1988 Réflexions préalables sur les bourses d’études. Réseau
Ce texte reprend l’intervention de Flusser lors de la Rencontre de l’action culturelle française à l’étranger à l’Institut Français à Naples, le 21 et 22 décembre 1987, dans un colloque sur les expériences de résidences d’artistes à l’étranger.
L’article a été publié en avril 1988 dans le numéro 16 de la revue Réseau. Revue des établissements culturels français à l’étranger (pages 4–7), revue disparue dont nous n’avons pas pu retrouver les ayants-droits. Également une lettre de Flusser.
Ce texte est basé sur un tapuscrit sur les bourses d’étude offertes aux artistes français à l’étranger.
Flusser y analyse le système des bourses du point de vue de la théorie de la communication, dans le contexte de la mutation culturelle, vue par Flusser comme une crise des valeurs. “Mais vous, qui êtes réunis ici pour étudier le problème, êtes chargés d’une responsabilité noble : faire en sorte que soit donnée une opportunité à ceux qui, par leur créativité artistique (alliée à une créativité scientifique) peuvent donner un nouveau sens à notre vie, dont la partie la plus significative sera passée dans le loisir”.

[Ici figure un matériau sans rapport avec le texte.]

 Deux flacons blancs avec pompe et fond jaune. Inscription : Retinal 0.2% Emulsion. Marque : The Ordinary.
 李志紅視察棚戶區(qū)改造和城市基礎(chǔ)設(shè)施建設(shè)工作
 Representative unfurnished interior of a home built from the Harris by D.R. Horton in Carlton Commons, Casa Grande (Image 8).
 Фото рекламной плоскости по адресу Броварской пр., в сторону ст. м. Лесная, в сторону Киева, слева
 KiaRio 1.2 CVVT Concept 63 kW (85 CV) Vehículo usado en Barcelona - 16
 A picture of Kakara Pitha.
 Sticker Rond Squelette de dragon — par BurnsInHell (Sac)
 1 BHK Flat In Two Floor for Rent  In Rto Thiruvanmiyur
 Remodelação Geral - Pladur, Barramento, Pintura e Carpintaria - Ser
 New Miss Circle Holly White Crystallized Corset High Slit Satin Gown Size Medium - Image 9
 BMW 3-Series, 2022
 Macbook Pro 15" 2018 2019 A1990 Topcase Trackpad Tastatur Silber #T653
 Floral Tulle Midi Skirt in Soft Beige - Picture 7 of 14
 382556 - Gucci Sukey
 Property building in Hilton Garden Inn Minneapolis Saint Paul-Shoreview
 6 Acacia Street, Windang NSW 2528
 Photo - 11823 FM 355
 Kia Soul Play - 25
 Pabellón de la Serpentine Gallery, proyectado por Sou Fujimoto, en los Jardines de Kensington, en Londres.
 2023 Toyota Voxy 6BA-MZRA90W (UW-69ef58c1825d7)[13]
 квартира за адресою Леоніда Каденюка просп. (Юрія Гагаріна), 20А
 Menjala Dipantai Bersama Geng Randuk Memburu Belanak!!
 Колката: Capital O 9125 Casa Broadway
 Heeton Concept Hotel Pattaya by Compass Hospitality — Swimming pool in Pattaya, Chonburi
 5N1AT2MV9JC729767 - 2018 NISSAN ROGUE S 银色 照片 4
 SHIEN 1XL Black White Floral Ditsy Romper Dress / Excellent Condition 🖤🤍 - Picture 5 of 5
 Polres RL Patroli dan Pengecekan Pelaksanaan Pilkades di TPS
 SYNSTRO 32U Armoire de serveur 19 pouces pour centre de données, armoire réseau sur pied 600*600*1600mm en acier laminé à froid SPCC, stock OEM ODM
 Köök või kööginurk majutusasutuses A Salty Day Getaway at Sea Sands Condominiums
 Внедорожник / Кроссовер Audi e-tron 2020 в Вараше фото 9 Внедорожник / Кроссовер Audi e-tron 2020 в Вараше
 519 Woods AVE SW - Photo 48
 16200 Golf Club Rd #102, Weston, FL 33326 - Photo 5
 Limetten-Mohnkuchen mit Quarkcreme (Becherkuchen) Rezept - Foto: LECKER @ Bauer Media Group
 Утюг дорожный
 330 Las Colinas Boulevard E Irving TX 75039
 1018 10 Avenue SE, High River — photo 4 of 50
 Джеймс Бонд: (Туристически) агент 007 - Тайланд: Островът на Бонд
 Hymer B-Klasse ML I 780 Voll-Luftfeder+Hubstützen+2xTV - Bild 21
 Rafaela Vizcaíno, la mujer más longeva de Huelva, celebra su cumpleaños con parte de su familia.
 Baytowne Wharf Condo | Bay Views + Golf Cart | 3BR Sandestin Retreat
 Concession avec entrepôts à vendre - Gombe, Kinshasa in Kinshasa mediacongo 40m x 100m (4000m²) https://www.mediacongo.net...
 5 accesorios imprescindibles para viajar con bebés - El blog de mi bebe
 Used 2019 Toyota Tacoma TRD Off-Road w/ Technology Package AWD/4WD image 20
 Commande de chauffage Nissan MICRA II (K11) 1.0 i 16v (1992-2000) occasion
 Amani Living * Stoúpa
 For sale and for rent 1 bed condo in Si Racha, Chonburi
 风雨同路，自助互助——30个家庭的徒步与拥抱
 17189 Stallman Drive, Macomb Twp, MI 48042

Flusser a écrit deux autres textes sur le sujet en préparation de son intervention : dans ces textes (A et B), il part de l’étymologie des mots école et étude pour provoquer une réflexion sur le thème. Flusser montre qu’il existe une division imposée par la mentalité moderne entre le plaisir, ou le loisir, et le travail sérieux, qu’il appelle le zèle – ainsi qu’entre l’art et la technique. Flusser invoque le Faust de Goethe, pour opposer une raison pratique prescrite par la modernité, à une autre, celle du « diable » – plus âgé et plus sage. Il donne raison au diable, car, selon lui, le loisir ou le divertissement peut cohabiter et jouer avec la contemplation de l’étude. Mais, aujourd’hui, comment réintégrer ces deux dimensions : le loisir et le zèle ?
La proposition flussérienne, toujours audacieuse, est la création d’une bourse d’études pour toute la vie. Ce qui peut sembler être une blague ironique, est en fait une critique du mode de vie et d’études qui nous est imposé. Flusser considère que le système éducatif mondial maintient des règles qui le limitent. Il s’agit d’une expression du système de l’économie post-industrielle qui est décidément versé sur l’automatisation.
Pour contrer ce système, Flusser propose des bourses d’études pour toute la vie pour certains étudiants qui peuvent avoir des « insights » brillants à cet égard, en indiquant une vision d’avenir pour la société. Ces étudiants – et Flusser n’hésite pas à parler d’une nouvelle élite – s’engageraient dans l’élaboration d’une culture universelle créative, par opposition à la culture de masse, pleine de redondance. Dans une société codifiée, ces « boursiers de la vie » seraient chargés d’élaborer des méta-codes, seuls capables d’établir une culture universelle.
L’alternative du loisir dans la passivité, promue par la culture des images, est un loisir activement rempli de la recherche zélée du savoir, au sens large (savoir-faire politique et artistique).
En ce même sens, dans la seconde version du texte, Flusser complète sa pensée avec une référence importante à l’étudiant créatif, autre concept très utilisé par lui, l' »homo ludens« . En effet, l' »homo ludens » qui s’engage avec zèle dans l’élaboration progressive d’une culture alternative, qui ne cherche rien de moins que le sens de la vie. Enfin, libéré des conditionnements et des tendances autonomes de la société actuelle, cet étudiant devient un véritable artiste de « l’art de vivre ».
« L’école doit devenir le laboratoire où on élabore l’art de vivre ».